You can reference **multiple issues** in one PR. `Closes MUL-1, MUL-2` links the PR to both, and merging it advances both to `Done`.
## The auto-merge-to-Done rule
When a PR's `merged` field flips to `true`, every linked issue is evaluated:
| Issue current status | Result |
|---|---|
| `done` | No change (already terminal). |
| `cancelled` | **No change** — cancelled means the user explicitly abandoned the work; the integration does not override that signal. |
| Anything else (`todo`, `in_progress`, `in_review`, `blocked`, `backlog`) | Moved to `done`. |
Closing a PR **without** merging it only updates the PR card's state to `Closed`. The linked issues stay where they were — the user is the one who decides what closing-without-merge means.
<Callout type="info">
The action is attributed to the `system` actor on the timeline. Subscribers of the issue receive an inbox notification for the status change, the same way they would if a human had moved it.
</Callout>
## What's not auto-linked
- **Identifiers in commit messages** — only branch / title / body are scanned. A commit titled `MUL-123: fix login` does not auto-link unless the same string also appears in the PR title or body.

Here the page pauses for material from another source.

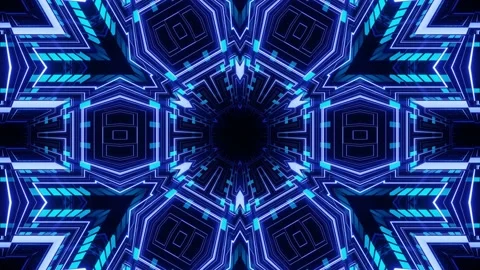 Star symmetry. hexagonal pattern. Vj loop motion design kaleidoscope background Stock Footage 200794122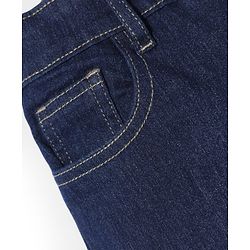 Pine Kids Denim Woven Full Length Solid Colour Jeans - Navy Blue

- **Identifiers in PR comments** — only the PR's own metadata is scanned; later GitHub comments are ignored.
- **PRs in repos the App isn't installed on** — without the App, Multica never receives the webhook.
- **Manually linking a PR to an issue** — there is no UI for this yet. If your team's convention puts identifiers in a place Multica isn't reading, add them to the PR title or body.
## Disconnecting
In **Settings → Integrations** there is no installation list — you manage existing installations from GitHub directly:
- **From GitHub** — uninstall the Multica GitHub App at `https://github.com/settings/installations` (personal) or `https://github.com/organizations/<org>/settings/installations` (org). Multica receives the `installation.deleted` webhook and drops the row in real time; any open Settings tab updates without a refresh.
- **Disconnect from inside Multica is admin-only** — the Settings card is hidden for non-admins.
After disconnect, mirrored PR rows stay in the database so historical issue sidebars still show what was linked, but no new webhook events from that installation will be accepted.
## Permissions and visibility
- **Connect / disconnect** require workspace **owner or admin**. Members see the card description but no Connect button.
- The **Pull requests** sidebar on an issue is visible to anyone who can read the issue — same permissions as the rest of issue detail.
- The GitHub App requests **read-only** access to pull requests and metadata. Multica never pushes commits, comments, or status checks back to GitHub.
## Self-host setup
If you're running Multica on Multica Cloud, the integration is already configured — skip this section.
For self-host, you create one GitHub App, point it at your server, and set two environment variables. The whole flow is below.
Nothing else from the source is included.